Why would you want to? Apparently, the makers of smart cards are looking at this. Many of you in the United States may not be aware that most credit cards in the rest of the world have an integrated chip, and, instead of swiping a magnetic strip through a reader, a transaction involves a conversation between a card reader, the card, and the card user. The card owner enters a PIN (Personal Identification Number), which is checked by the card reader. Chip and PIN technology is inherently more secure than magnetic stripe reading. (And it is coming to the US this year – possibly.) Other smart cards are used in such things as pre-paid multi-use public transport tickets, usually with Near Field Communication (NFC) built in. Since plastic cards naturally flex, having chips that flex as well provides obvious advantages. Although Fraunhofer is working with major smart card companies and their silicon suppliers, smart cards have been around for some time without using flexible silicon.
But firstly, what is the Fraunhofer’s “Group Polytronic Technology”? It is part of the Fraunhofer-Gesellschaft, which is, according to their web site, “… Europe’s largest application-oriented research organisation. Our research efforts are geared entirely to people’s needs: health, security, communication, energy, and the environment.” Fraunhofer has 24,000 people, most of whom are scientists and engineers.
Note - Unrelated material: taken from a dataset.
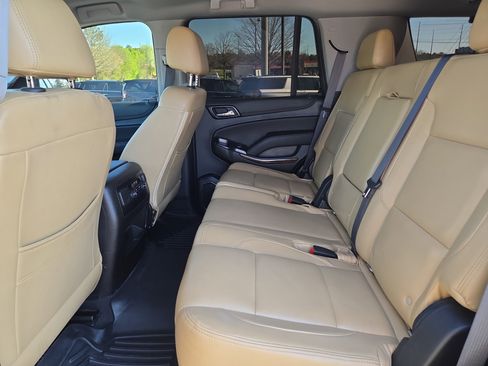 Used 2019 Chevrolet Tahoe LS image 15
It has a budget of Euro 2 billion, (US$2.8 billion) of which Euro 1.7 billion comes from contract research. As well as industry funding, there is also funding from the German Federal Government and from the Länder (the Länder are the German equivalent of the States in the US). A significant and growing part of the income comes from licences for Fraunhofer-developed technologies. The 66 Institutes and research units are organised in 7 groups, one of which is Microelectronics. Within this group is the Fraunhofer Research Institution for Microsystems and Solid State Technologies EMFT, based in Munich, and part of this is Mr. Klink’s Group Polytronic Technology.
The group has two technology areas: Silicon Wafer Processing (particularly MEMS technology) and Plastic Film Processing (particularly reel-to-reel technology).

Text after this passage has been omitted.